### [REQUIREMENT]
The records that follow are to be given again exactly, with their pictures omitted.

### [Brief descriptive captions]
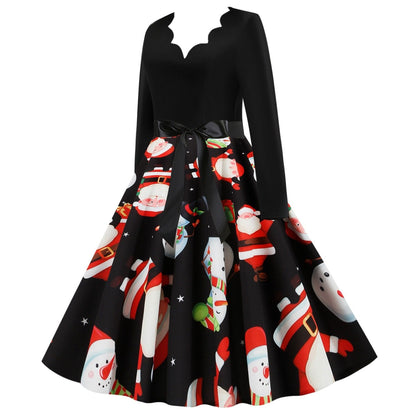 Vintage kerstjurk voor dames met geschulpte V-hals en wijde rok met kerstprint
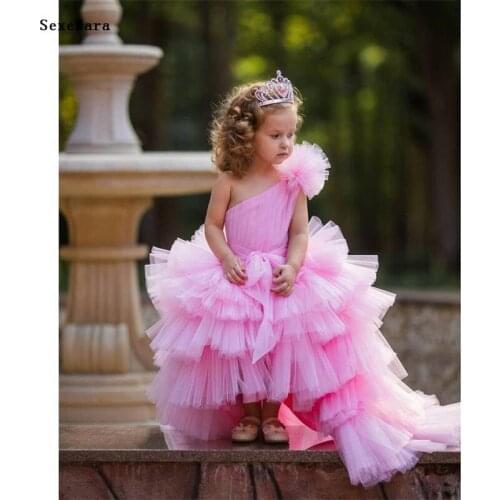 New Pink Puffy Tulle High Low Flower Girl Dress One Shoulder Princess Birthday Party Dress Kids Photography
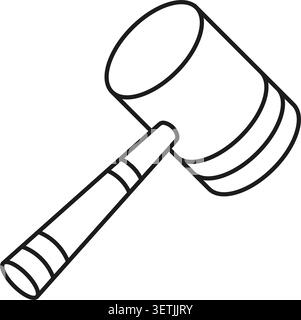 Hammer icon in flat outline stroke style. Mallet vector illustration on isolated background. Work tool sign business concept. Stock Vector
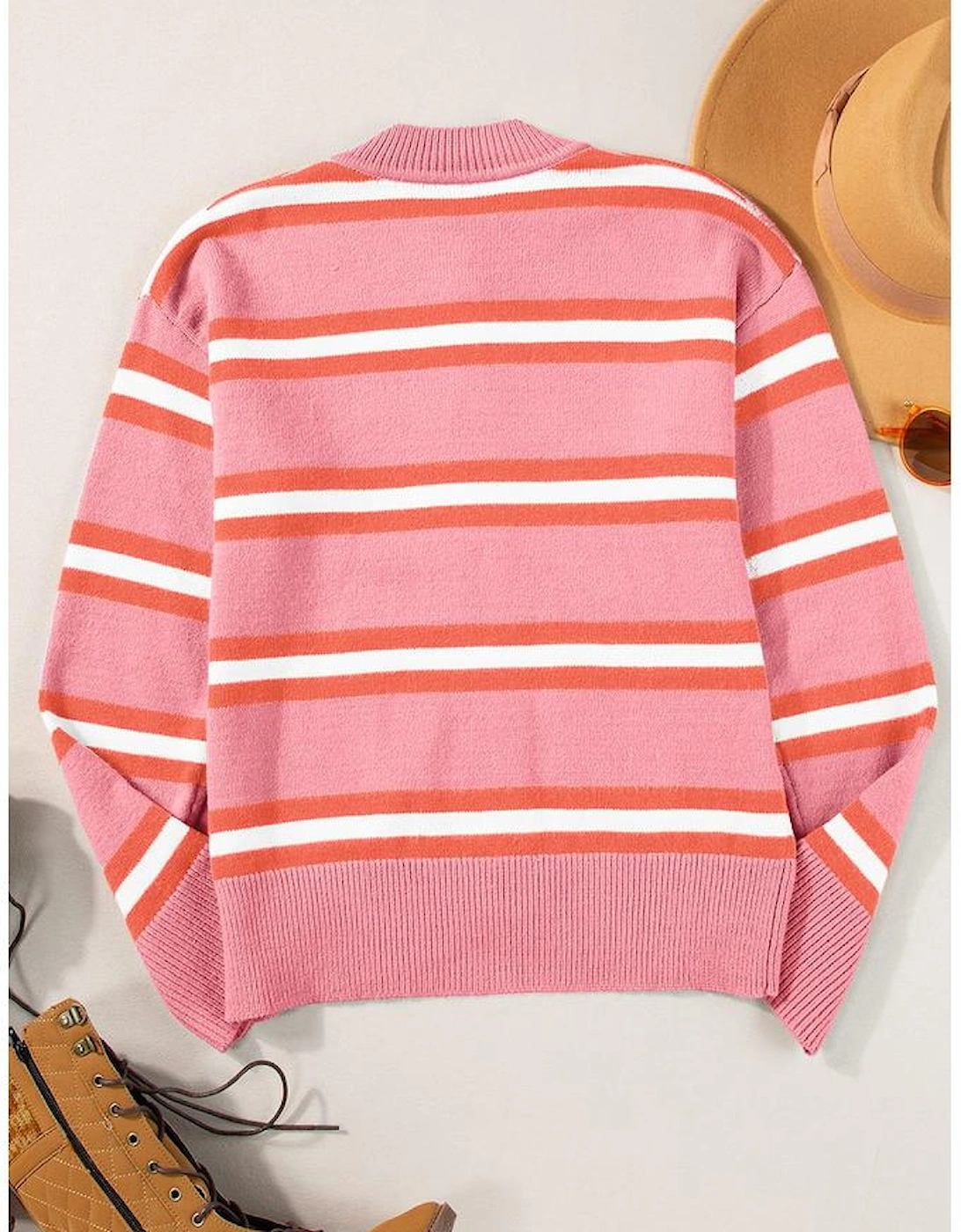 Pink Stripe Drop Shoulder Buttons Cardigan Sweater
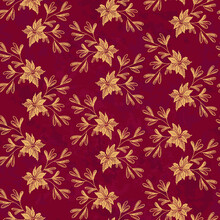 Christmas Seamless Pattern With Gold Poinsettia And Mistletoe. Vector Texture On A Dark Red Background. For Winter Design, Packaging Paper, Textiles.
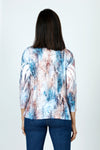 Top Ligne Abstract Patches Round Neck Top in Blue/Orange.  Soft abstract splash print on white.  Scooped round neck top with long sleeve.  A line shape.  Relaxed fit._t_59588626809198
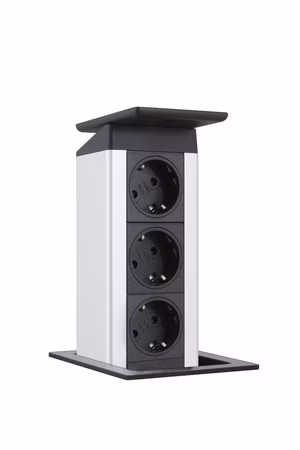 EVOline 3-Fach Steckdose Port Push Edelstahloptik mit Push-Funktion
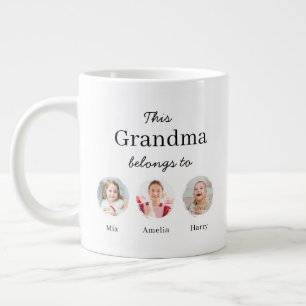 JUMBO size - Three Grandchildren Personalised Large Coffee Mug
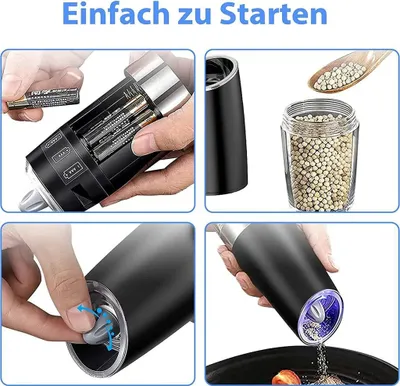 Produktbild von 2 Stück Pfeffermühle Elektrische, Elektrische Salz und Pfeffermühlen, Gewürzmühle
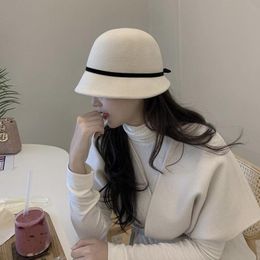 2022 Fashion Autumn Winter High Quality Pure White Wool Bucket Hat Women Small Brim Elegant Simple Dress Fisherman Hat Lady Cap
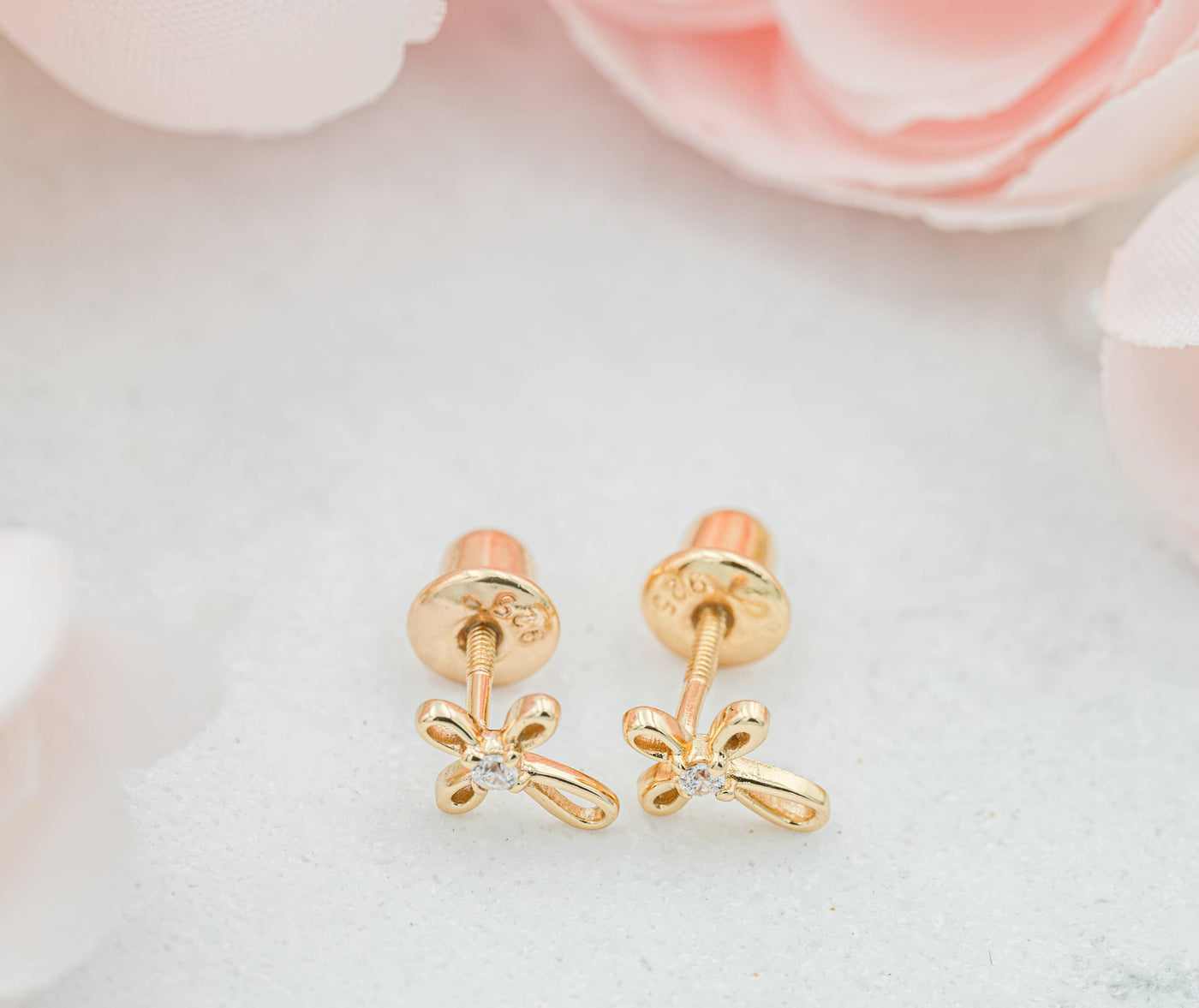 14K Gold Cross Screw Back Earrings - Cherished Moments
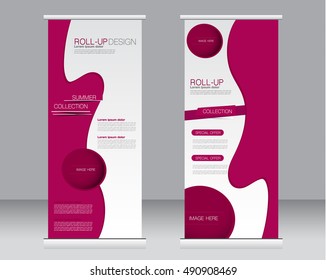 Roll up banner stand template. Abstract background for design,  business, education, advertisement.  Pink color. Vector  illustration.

### [RESPONSE]
 Vintage kerstjurk voor dames met geschulpte V-hals en wijde rok met kerstprint
 New Pink Puffy Tulle High Low Flower Girl Dress One Shoulder Princess Birthday Party Dress Kids Photography
 Hammer icon in flat outline stroke style. Mallet vector illustration on isolated background. Work tool sign business concept. Stock Vector
 Pink Stripe Drop Shoulder Buttons Cardigan Sweater
 Christmas Seamless Pattern With Gold Poinsettia And Mistletoe. Vector Texture On A Dark Red Background. For Winter Design, Packaging Paper, Textiles.
 Top Ligne Abstract Patches Round Neck Top in Blue/Orange.  Soft abstract splash print on white.  Scooped round neck top with long sleeve.  A line shape.  Relaxed fit._t_59588626809198
 EVOline 3-Fach Steckdose Port Push Edelstahloptik mit Push-Funktion
 JUMBO size - Three Grandchildren Personalised Large Coffee Mug
 Produktbild von 2 Stück Pfeffermühle Elektrische, Elektrische Salz und Pfeffermühlen, Gewürzmühle
 2022 Fashion Autumn Winter High Quality Pure White Wool Bucket Hat Women Small Brim Elegant Simple Dress Fisherman Hat Lady Cap
 14K Gold Cross Screw Back Earrings - Cherished Moments
 Roll up banner stand template. Abstract background for design,  business, education, advertisement.  Pink color. Vector  illustration.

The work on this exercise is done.